> _EXERCISE DESCRIPTION_
From the line containing "Более 100 лучших" through the end of the material below, output each line exactly as written, with pictures excluded.
#### DATA RECORDS
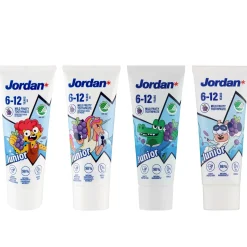 Jordan Junior Toothpaste 6-12 Years 50ml (1.69floz)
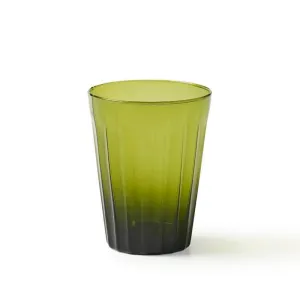 Lucca Water Glass (Cactus Green)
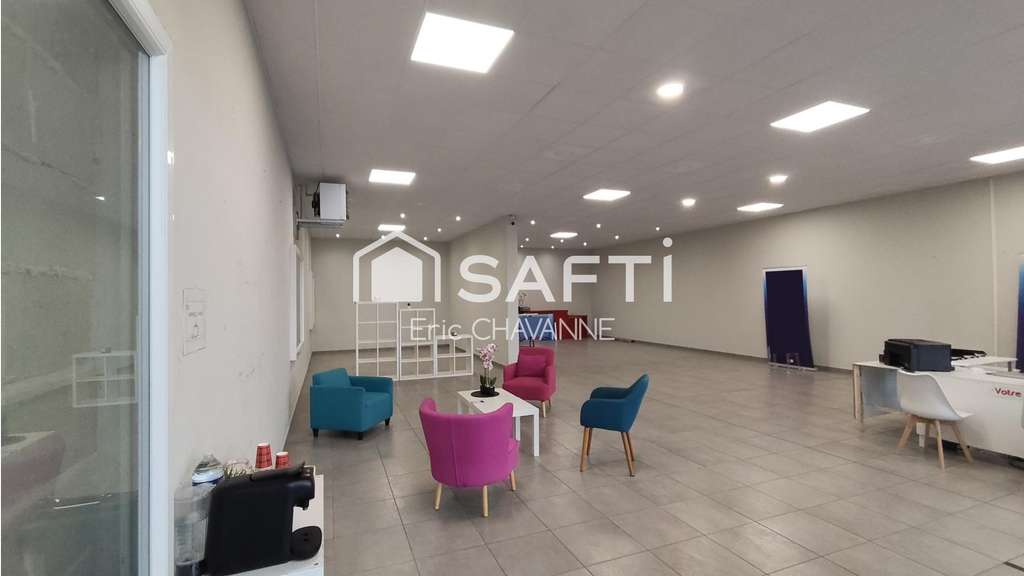 Vente local commercial 432m² proche Montbéliard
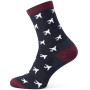 Ponožky Warg Happy Merino M Airplane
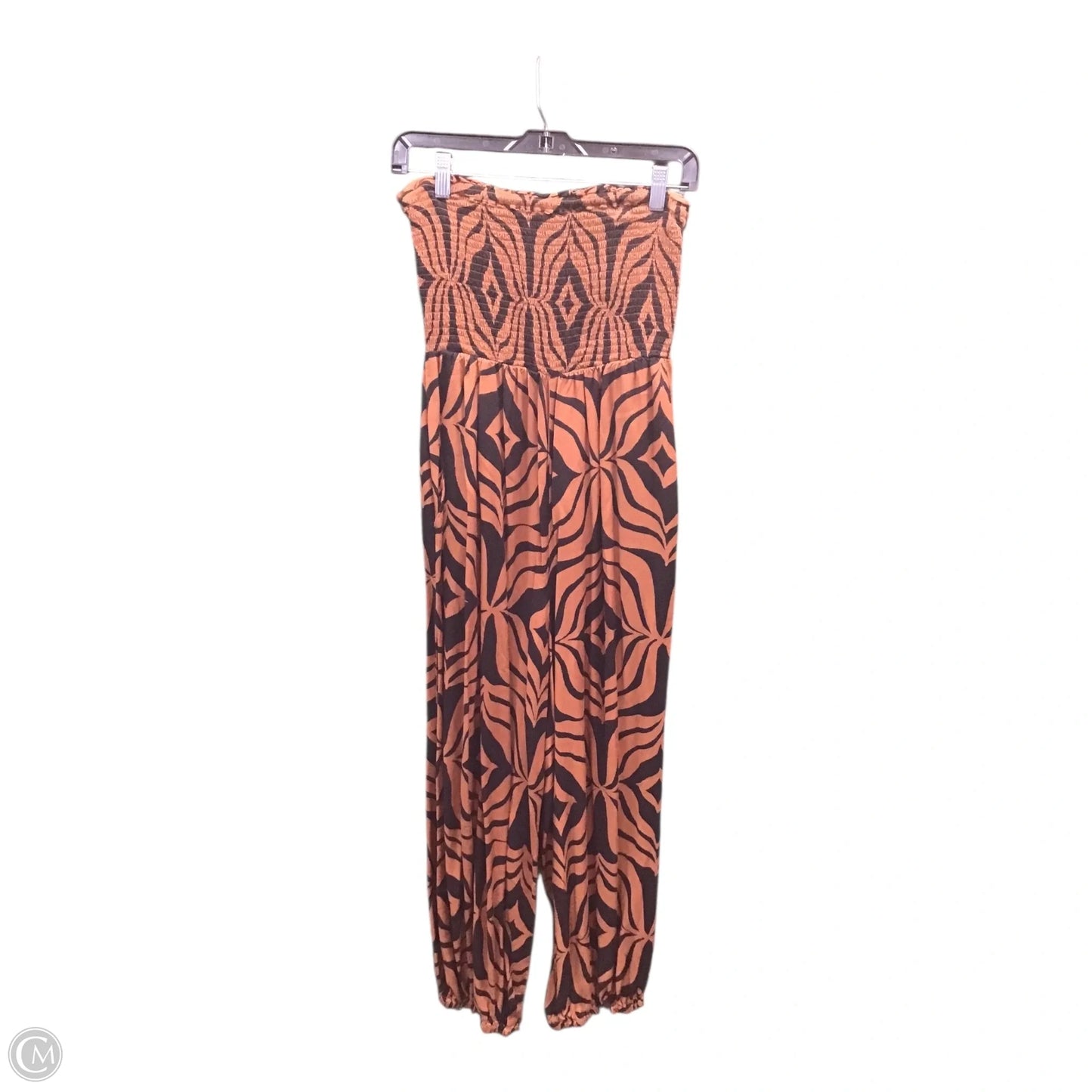Jumpsuit By Anthropologie In Black & Brown, Size: S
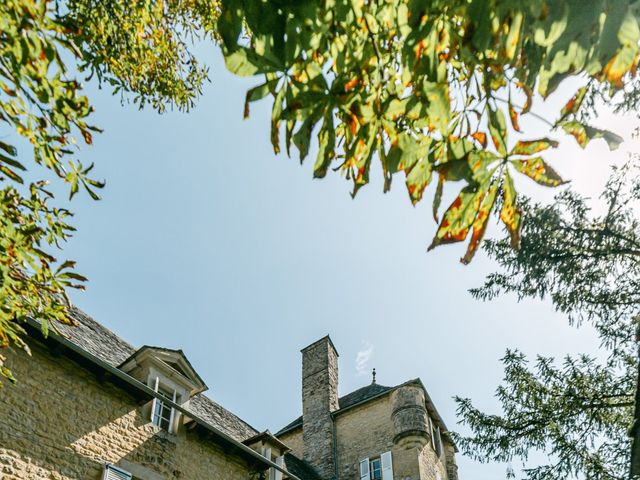Le mariage de Thomas et Valentine à Conques, Aveyron 13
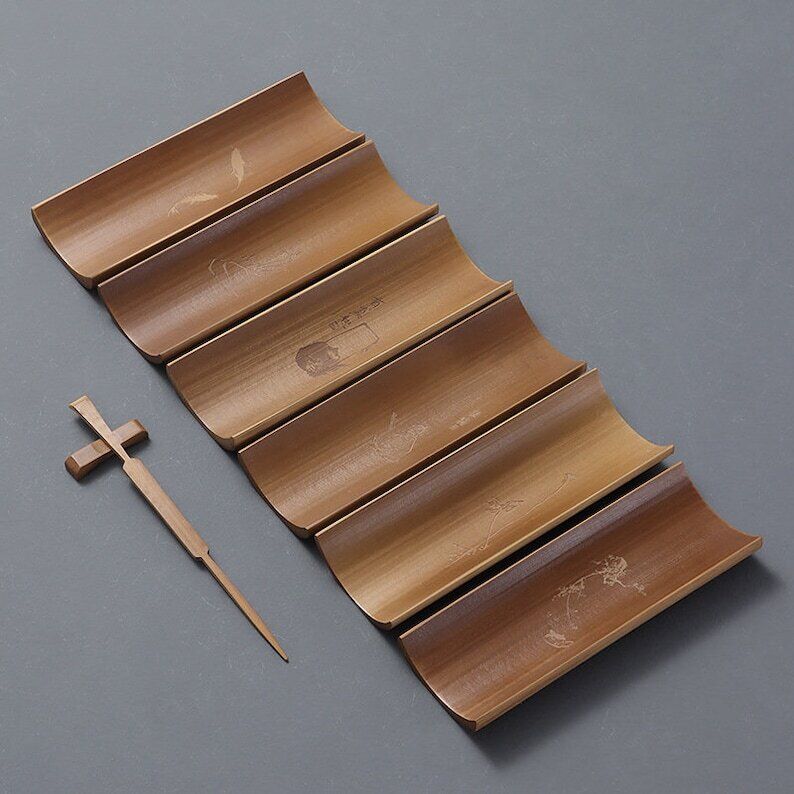 Bamboo Tea Spoon Tea Ceremony Set|Wood Tea Accessories
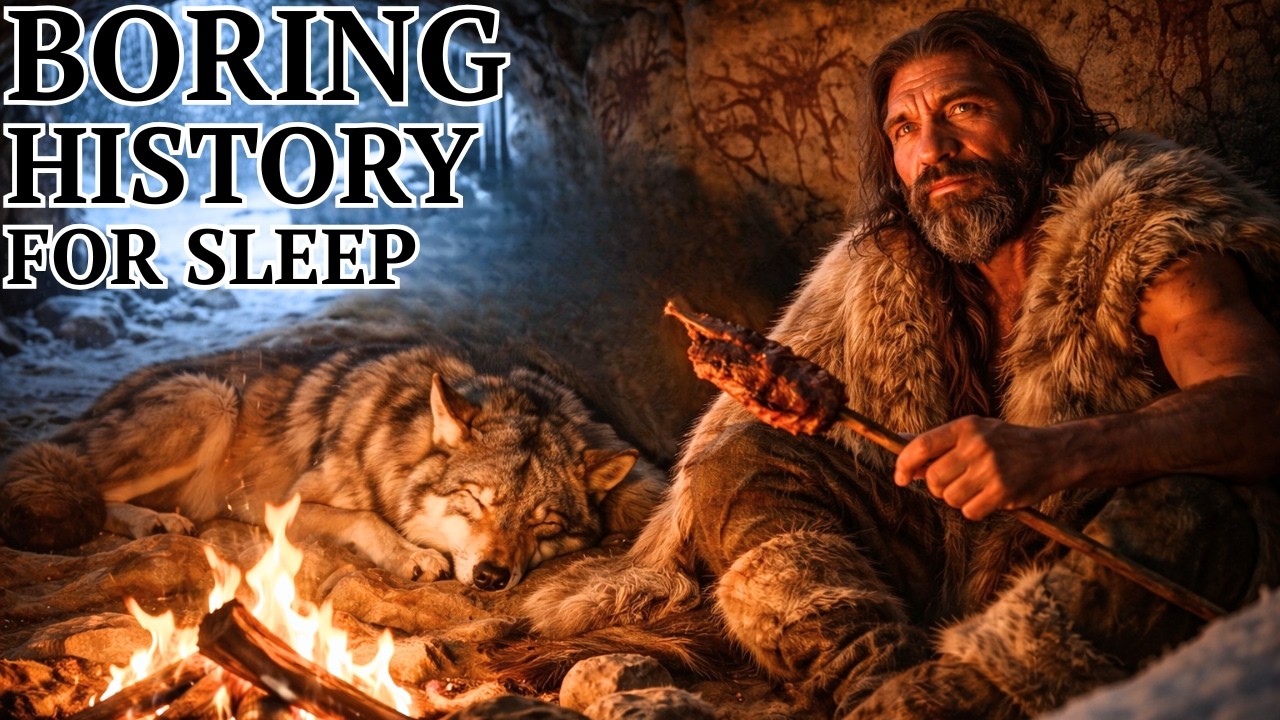 Why Prehistoric People Didn’t Need Heating to Survive Winters | Relaxing History for Sleep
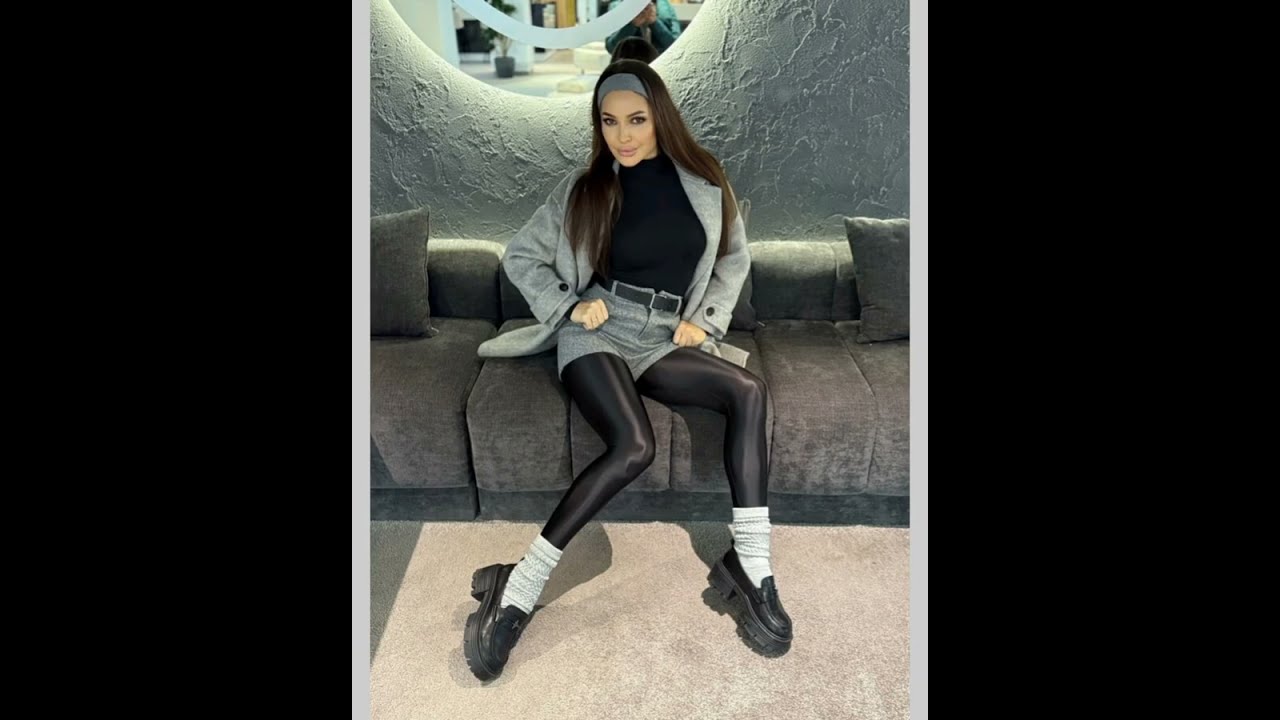 Более 100 лучших вариантов женских леггинсов и брюк из искусственного и латекса // кожаные леггин...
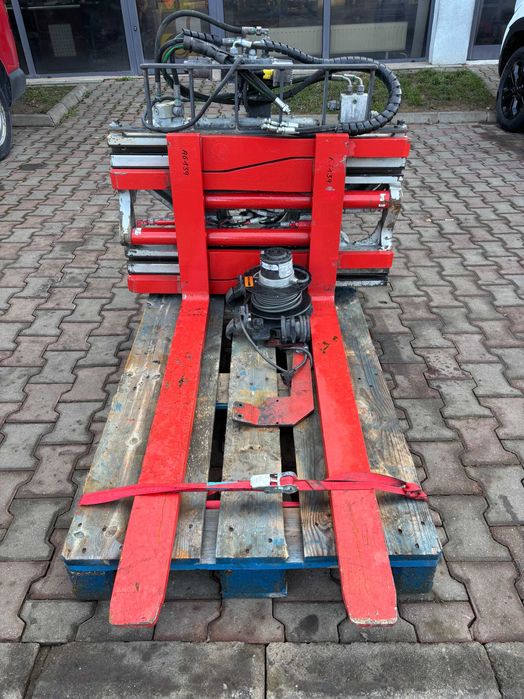 Atașament motostivuitor ROTATOR + Side Shift Durwen DUZ15 An fab. 2016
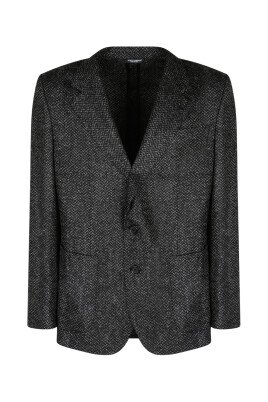 black-grey-boucle-blazer-jacket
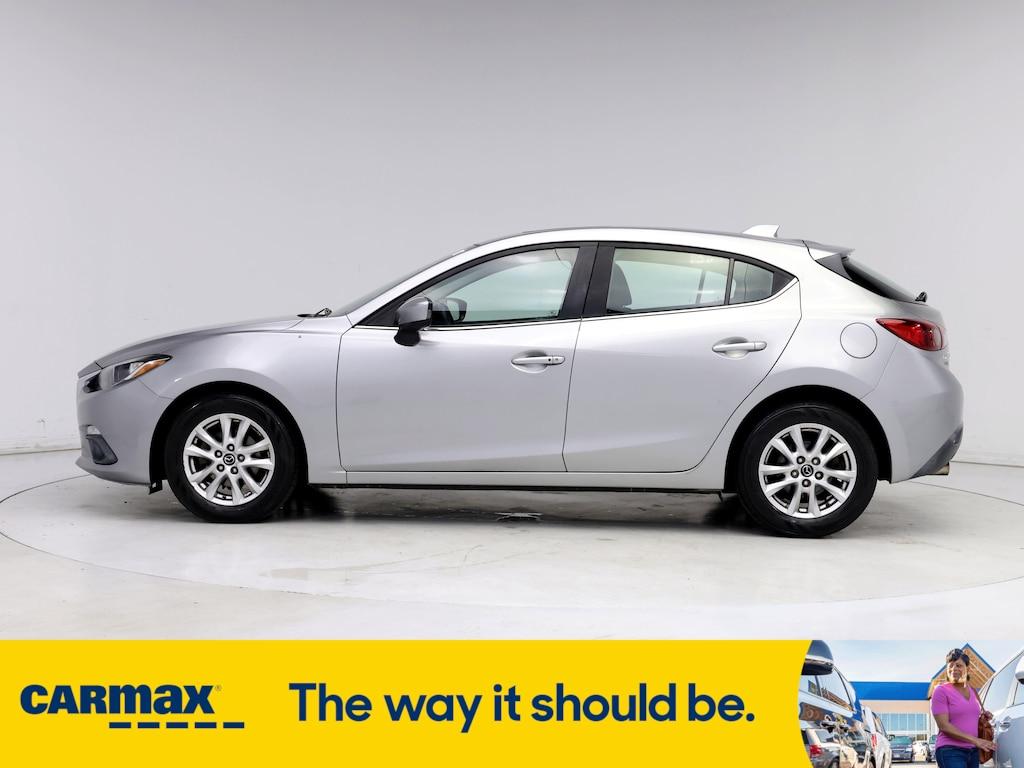 used 2015 Mazda Mazda3 car, priced at $14,998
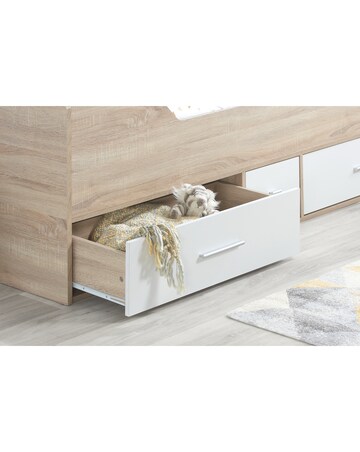 Birlea Kids Camden Cabin Bed- Brown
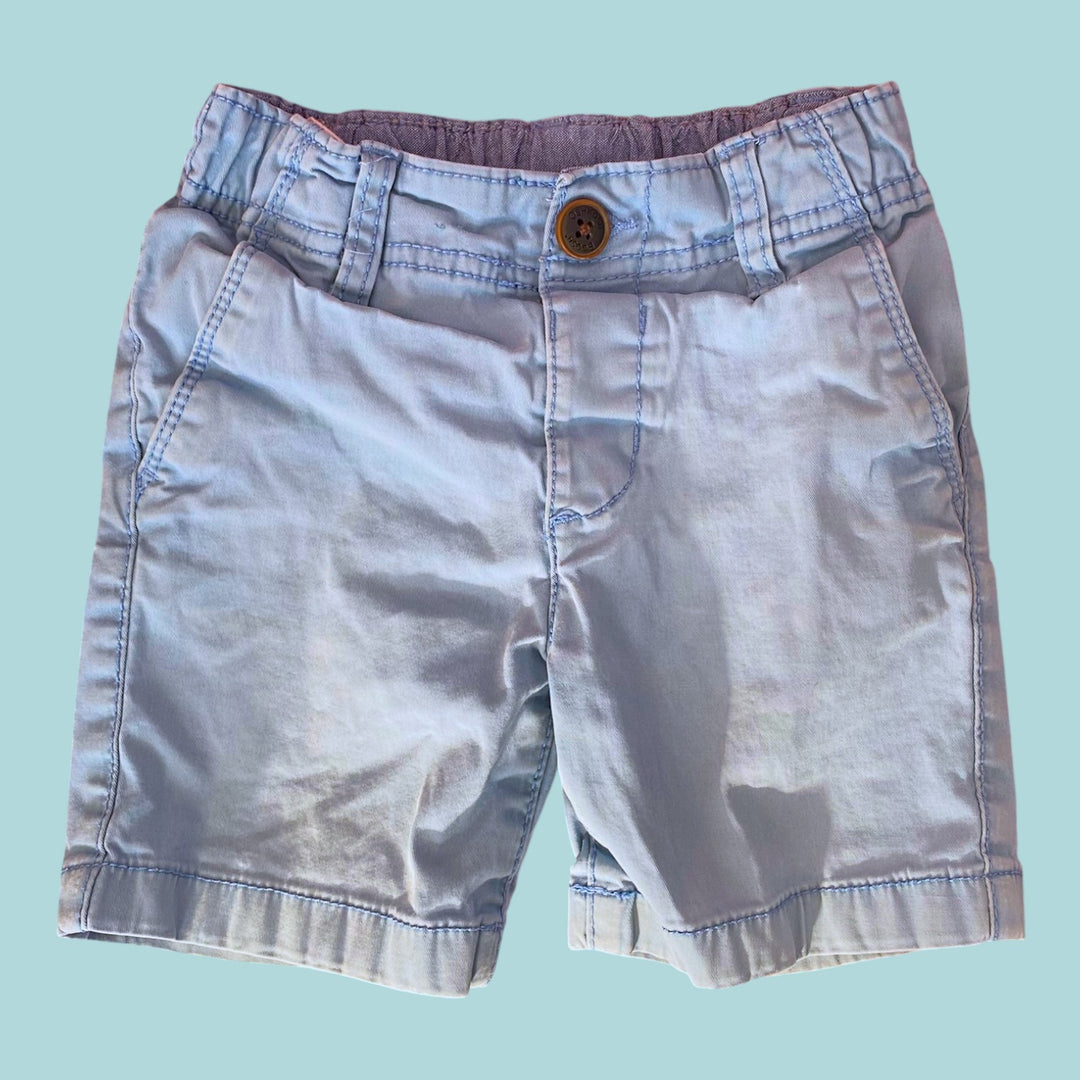 Blue Oshkosh Shorts, 3Y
########
> _RESULT_
 Более 100 лучших вариантов женских леггинсов и брюк из искусственного и латекса // кожаные леггин...
 Atașament motostivuitor ROTATOR + Side Shift Durwen DUZ15 An fab. 2016
 black-grey-boucle-blazer-jacket
 used 2015 Mazda Mazda3 car, priced at $14,998
 Birlea Kids Camden Cabin Bed- Brown
 Blue Oshkosh Shorts, 3Y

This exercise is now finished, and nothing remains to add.